Amazon Rekognition Face Liveness - Responsible AI Service Card

Overview

Amazon Rekognition Face Liveness enables application providers to predict whether a user attempting to access services is a real person who is physically in front of a camera. Liveness is designed to detect presentation and digital injection attacks, where a third party attempts to spoof faces in order to impersonate another identity or evade being recognized. Examples of presentation attacks include printed photos, digital photos, digital videos, or 3D masks which are physically presented to a camera. Digital injection attacks are spoofs that bypass the camera, such as pre-recorded or deepfake videos. This AI Service Card describes considerations for responsibly deploying and using the Rekognition Face Liveness APIs and SDKs. Typically, customers leverage Amazon Rekognition Face Liveness to authenticate the physical presence of a user in front of a camera before optional subsequent tasks such as face verification, age verification, or bot detection.

Amazon Rekognition Face Liveness requires users to move their face into an oval on the screen and hold still while the device displays a series of different color lights. Face Liveness uses this video to generate a confidence score. Customers can use the confidence score to help predict whether a user is a real human physically present in front of a camera. The minimum confidence score is 0, implying a spoof attack, and the maximum is 100, implying a genuine user. A customer should select a confidence score that meets their use case needs. For example, a moderate confidence score threshold (e.g., 50 or 60) may be suitable to detect presentation attacks and some digital injection attacks. Alternatively, a high confidence score threshold (e.g., 80 or 90) may be suitable to detect sophisticated digital injection attacks, such as deep fake or pre-recorded videos. Overall performance is represented by two numbers: the true acceptance rate (TAR), which is the percentage of genuine users that pass a Liveness check above a confidence score threshold and the true rejection rate (TRR), which is the percentage of spoof attacks that fail a Liveness check below a confidence score threshold. These success metrics are generally inversely related. For example, as TAR goes up, TRR goes down and vice versa. Changing the confidence score threshold changes the TAR and TRR. Rekognition Face Liveness itself does not independently determine if a face in the selfie video is real or a spoof attack. The decision is a result of several factors which can include the confidence score threshold set by the customer, human judgements, or a combination of both.

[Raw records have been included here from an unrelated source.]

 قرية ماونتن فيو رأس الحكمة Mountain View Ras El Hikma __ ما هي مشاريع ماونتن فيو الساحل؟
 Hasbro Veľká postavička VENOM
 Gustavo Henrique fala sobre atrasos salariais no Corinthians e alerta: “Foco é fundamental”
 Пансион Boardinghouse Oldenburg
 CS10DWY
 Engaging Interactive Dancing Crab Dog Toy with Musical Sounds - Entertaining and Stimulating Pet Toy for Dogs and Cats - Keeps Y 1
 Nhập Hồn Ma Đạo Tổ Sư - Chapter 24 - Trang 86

In addition to the confidence score, Rekognition Face Liveness will also return a high-quality selfie frame extracted from the video of the cooperating end user. A customer can use the selfie frame for other use cases, such as to compare the selfie with an identity document photo for verification (using the Rekognition CompareFaces API) or to perform an age estimate as an input for a minimum age check (using the Rekognition DetectFaces API).

Rekognition Face Liveness is designed to return low confidence scores for faces from 2D photos, 3D full-face masks, digital photos or videos displayed on a device screen, and pre-recorded videos. Conversely, Rekognition Face Liveness’ confidence score is designed to be high for genuine user faces performing the requested user actions in real-time during the liveness check. However, it is important to acknowledge that various elements, known as "confounding variations”, may influence the appearance of a face in a video, which can impact Face Liveness confidence scores for genuine users. Some examples of confounding variations are: (1) variations in lighting direction and intensity; (2) head pose; (3) camera focus and video capture imperfections; (4) video resolution; and (5) occlusions caused by masks, sunglasses, hands, cell phones, scarves, hats, or other objects.

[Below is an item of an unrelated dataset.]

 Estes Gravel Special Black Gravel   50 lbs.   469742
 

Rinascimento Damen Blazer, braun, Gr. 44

The performance of Rekognition Face Liveness will vary depending on several factors, including the expected amount of confounding variation; device screen characteristics such as brightness, size, and resolution; and camera characteristics such as resolution, focal length, frame rate, and bit rate.

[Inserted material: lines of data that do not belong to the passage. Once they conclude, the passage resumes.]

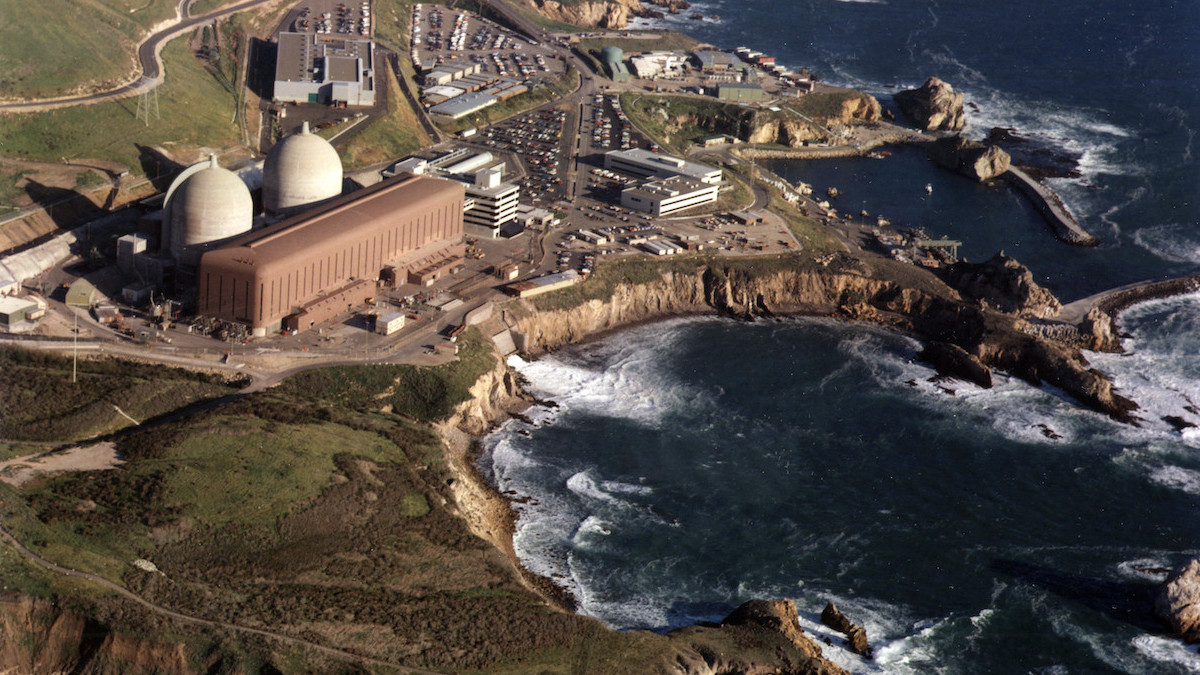 The devilish dangers of Diablo Canyon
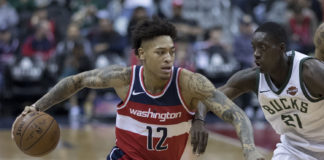 NBA: Jest transfer Wizards – Suns!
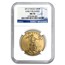 2013 1 oz American Gold Eagle MS-70 NGC (Early Releases)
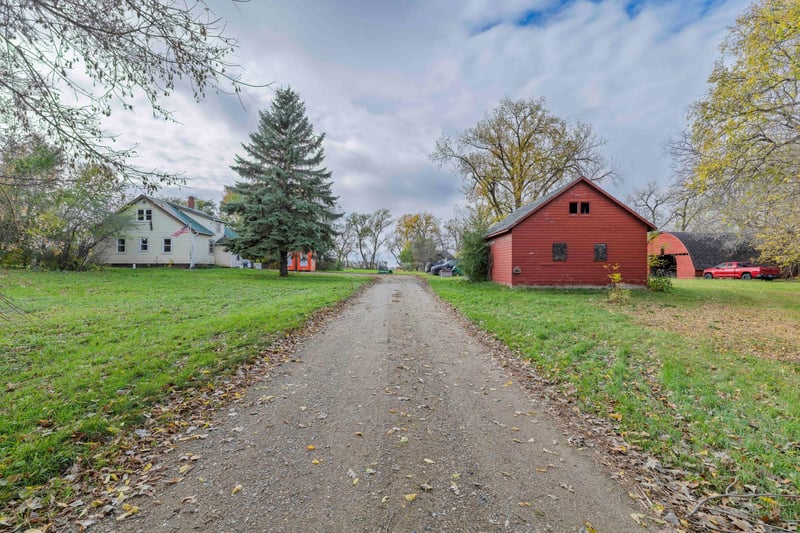 2883 105th Ave, Mahnomen, MN 56557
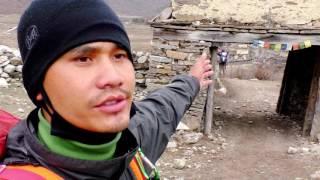 Independent Trekking Guide in Nepal - www.nepalmountainguide.net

Intended use cases and limitations

Amazon Rekognition Face Liveness can be deployed for a number of different use cases. Four examples are:

User onboarding use case: FinTech, EdTech, Healthcare, and other customers may choose to conduct a face liveness check to enroll new users to their online applications. After passing the liveness check, the selfie frame from the liveness check can then be compared to a face from their government-issued ID card for further verification using the Rekognition CompareFaces API (more information on responsibly deploying face matching can be found here).

Step-up authentication use case: FinTech, ride-sharing, eCommerce, and other customers may choose to enhance security measures for important user activities, such as a device change, password change, or money transfers, by conducting a liveness check. After passing the liveness check, the selfie frame from the liveness check can then be compared to a previously stored image of the user using the Rekognition CompareFaces API.

User age verification use case: Online gaming and dating platforms may choose to implement age verification measures when enrolling new users. In these scenarios, the customer may choose to conduct a face liveness check prior to verifying the user's age through ID checks and the Rekognition DetectFaces API for age prediction.

Bot detection use case: To prevent the takeover of their platforms by bots, customers in the social media and dating industries may choose to implement measures for verifying their users are real people. In order to achieve this, these customers may choose to conduct a face liveness check each time a user logs into their application, thus helping to limit automated bot accounts.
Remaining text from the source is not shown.